Definition
The process by which a rotorcraft is certified under 14 CFR Part 29, the airworthiness standards for transport category helicopters. These are larger, more capable helicopters certified to higher standards than smaller normal category rotorcraft (Part 27), and are divided into Category A and Category B based on performance, engine isolation, and one-engine-inoperative capability. Category A rotorcraft are multi-engine designs with engine and system isolation features that allow continued safe flight after the failure of one engine. Category B rotorcraft may be single- or multi-engine and are not required to guarantee continued flight after engine failure, but must be capable of a safe landing.
Plain English
This is the FAA's set of rules used to approve larger helicopters for service.
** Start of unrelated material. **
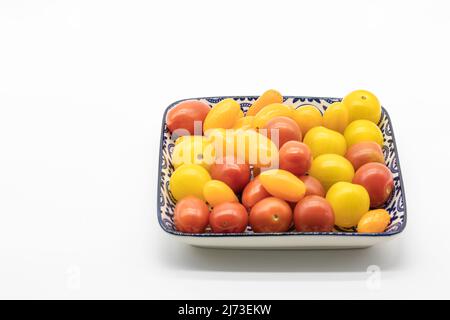 Kirschtomaten in verschiedenen Farben in einer Schrift auf weißem Hintergrund Stockfoto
There are two levels: Category A is the stricter one for helicopters that must keep flying safely if an engine fails, and Category B is for helicopters that only need to land safely after an engine failure.
Context Anchor
You see this in the helicopter flight manual, especially in the limitations section, and in instrument procedure discussions that depend on the aircraft’s approved capabilities.
Derivation
Transport category' is borrowed from fixed-wing certification, where it identifies aircraft built to the highest civil airworthiness standards — typically airliners and large business aircraft. Applied to rotorcraft, it signals the same idea: a helicopter built and tested to a higher standard than a small private machine.
Why Pilots Care
Pilots must know their aircraft's certification category to apply the correct performance limits, weight restrictions, and emergency procedures specified in the flight manual.
Intuition Check
Do not read “transport category” as simply “used for transportation.” In FAA use, it means the rotorcraft was approved under a specific airworthiness category with defined standards and limits. Also, “certification” here refers to approval of the aircraft design, not the pilot’s certificate.
Example Sentence 1
The offshore operator's twin-engine helicopter was certified Category A, so the pilot used the published Category A takeoff profile from the oil platform.
Example Sentence 2
Limitations in the flight manual stem directly from the Certification of Transport Category Rotorcraft standards.